Slap*Happy - I have seen the very behavior you're talking about, but only while working with a ".xlsx" (new format) file. When I said "Save as .xls" (ie old-style file format), it worked fine.
posted by kcds at 6:37 AM on February 25, 2010


I'd be more impressed to see Outlook do this. Or anything useful, really.
posted by flabdablet at 6:56 AM on February 25, 2010 [1 favorite]


flabdablet, why do you have to pick on the fish in the barrel?
posted by oddman at 7:18 AM on February 25, 2010


Was it a shared file? Excel is usually very stable unless you're using the shared file feature, which is a buggy piece of shit that no one should ever use.
posted by zixyer at 7:48 AM on February 25, 2010


Is it just me, or did this artiste never save the file? Now that's taking a big bite of lose-yer-Gundam risk.
posted by chavenet at 8:01 AM on February 25, 2010


Why does Excel have that capability?

Doesn't the Office suite simply share art and visual basic capabilities among its various standard apps, including Word, PowerPoint, Excel, etc.? It's not like someone just arbitrarily added it to Excel. I am thinking that this could have been done in Word or PP, too, though that wouldn't have shocked people as much.

Now, the real fun in the old days was to play the flight simulator and pinball games that were secretly easter-egged inside Excel. (I haven't checked Office 2007 to see if its apps have similar hidden games.)
posted by aught at 8:14 AM on February 25, 2010


I recognize that song in the background ... wasn't that originally a piano piece written so that it could be played with one hand?
posted by The Great Big Mulp at 10:01 AM on February 25, 2010


I just had a RipPaint flashback.

it's TOTALLY REAL, DUDE
posted by Tenuki at 10:01 AM on February 25, 2010


Wow, I always knew I was using Excel all wrong.
posted by Lokisbane at 11:10 AM on February 25, 2010


The best use I've come up for Excel (I mean aside from boring spreadsheet-y things) was Excel Battleship. You and a coworker both come up with a set of ships - length, number, etc. You then determine a field size (say A1 to E20). Use fill color to fill in your ships.

Next, spend the day exchanging emails with your guesses. You can even play this on a regular spreadsheet if you like. That way if a boss happens to catch you, it just looks like you've done some odd coloring to your work.
posted by ErikaB at 11:28 AM on February 25, 2010


Excel Football Manager is quite good.

(excel version link in lower left of page)
posted by Mr Bismarck at 11:43 AM on February 25, 2010


Our old buy plans (SKU information for buyers) used to be 10-15 pages with 5 thousand rows in each and TONS of linked files to our data warehouse. It would take 10 minutes to open and god help you if you needed to change forumlas or a data point in a pivot table, but once up and working, it was pretty stable.
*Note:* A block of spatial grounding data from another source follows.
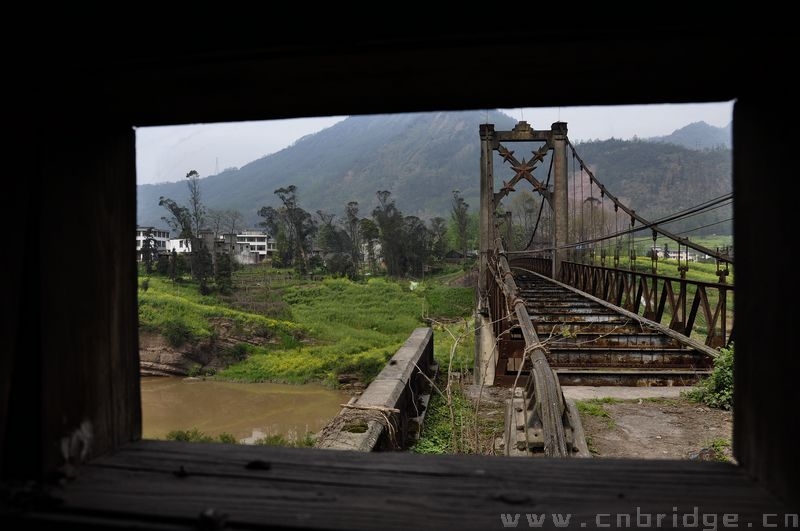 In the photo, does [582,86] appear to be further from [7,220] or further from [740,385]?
[7,220]

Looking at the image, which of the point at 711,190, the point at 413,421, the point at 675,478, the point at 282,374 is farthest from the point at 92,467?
the point at 711,190

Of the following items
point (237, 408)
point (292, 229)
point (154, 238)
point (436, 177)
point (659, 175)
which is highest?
point (436, 177)

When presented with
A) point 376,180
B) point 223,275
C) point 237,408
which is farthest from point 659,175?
point 237,408

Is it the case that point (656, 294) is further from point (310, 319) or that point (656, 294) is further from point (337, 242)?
point (337, 242)

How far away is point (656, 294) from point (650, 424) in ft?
10.2

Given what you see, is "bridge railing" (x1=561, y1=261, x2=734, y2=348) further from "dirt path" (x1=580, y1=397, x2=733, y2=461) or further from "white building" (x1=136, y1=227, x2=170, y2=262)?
"white building" (x1=136, y1=227, x2=170, y2=262)

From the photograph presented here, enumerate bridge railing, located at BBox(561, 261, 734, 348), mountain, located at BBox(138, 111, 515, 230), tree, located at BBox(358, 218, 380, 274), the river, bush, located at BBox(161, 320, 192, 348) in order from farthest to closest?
mountain, located at BBox(138, 111, 515, 230)
tree, located at BBox(358, 218, 380, 274)
bush, located at BBox(161, 320, 192, 348)
the river
bridge railing, located at BBox(561, 261, 734, 348)

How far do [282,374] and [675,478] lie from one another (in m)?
24.0

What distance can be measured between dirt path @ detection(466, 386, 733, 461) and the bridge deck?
0.58 feet

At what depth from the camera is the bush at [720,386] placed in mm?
4723

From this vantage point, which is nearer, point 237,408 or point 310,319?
point 237,408

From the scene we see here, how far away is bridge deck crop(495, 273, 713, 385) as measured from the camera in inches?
225

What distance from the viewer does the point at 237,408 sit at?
1997 centimetres

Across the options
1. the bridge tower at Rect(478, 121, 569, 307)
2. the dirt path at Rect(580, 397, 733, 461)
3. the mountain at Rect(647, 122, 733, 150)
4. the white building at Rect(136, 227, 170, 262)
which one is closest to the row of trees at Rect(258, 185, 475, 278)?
the white building at Rect(136, 227, 170, 262) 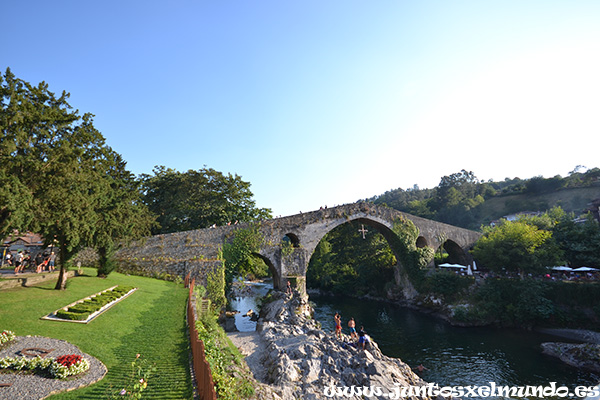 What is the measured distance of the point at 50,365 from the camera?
22.6ft

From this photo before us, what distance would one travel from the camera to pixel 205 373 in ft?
19.0

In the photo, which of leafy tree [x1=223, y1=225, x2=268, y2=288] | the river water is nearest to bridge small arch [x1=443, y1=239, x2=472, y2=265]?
the river water

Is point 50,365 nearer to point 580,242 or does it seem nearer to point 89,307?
point 89,307

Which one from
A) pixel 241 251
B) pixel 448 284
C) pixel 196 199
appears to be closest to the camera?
pixel 241 251

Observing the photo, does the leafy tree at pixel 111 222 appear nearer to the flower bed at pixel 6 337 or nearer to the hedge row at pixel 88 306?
the hedge row at pixel 88 306

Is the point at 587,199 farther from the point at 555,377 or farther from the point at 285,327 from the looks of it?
the point at 285,327

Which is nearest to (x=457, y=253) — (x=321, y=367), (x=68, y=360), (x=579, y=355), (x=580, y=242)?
(x=580, y=242)

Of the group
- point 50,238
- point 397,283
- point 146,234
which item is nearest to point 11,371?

...until you went above 10,000 cell variations then it would become completely unusable.
posted by subaruwrx at 11:56 AM on February 25, 2010


Awesome Gundam, dude, really, and I totally appreciate the use of primitive tools to accomplish great things but, um... you sure did spend an awful lot of time shining and polishing up that Gundam crotch over and over.
posted by majick at 12:09 PM on February 25, 2010 [2 favorites]


I recognize that song in the background ... wasn't that originally a piano piece written so that it could be played with one hand?

At least at the end, the guitars are playing the first three-quarters or so of BWV 847, one of the preludes from Bach's Well-Tempered Clavier. It is definitely a two-handed piece.
posted by aaronbeekay at 3:19 PM on February 25, 2010


No, Access is for emailing pictures to your friends. Sometimes even people you barely know.
posted by sneebler at 8:14 PM on February 25, 2010


I use Access for composing my trio sonatas for violin and basso continuo. Doesn't everyone?
posted by armage at 2:42 AM on February 26, 2010


A friend of mine wrote an online PONG game in access once (using the db to store the paddle location), or so he claimed.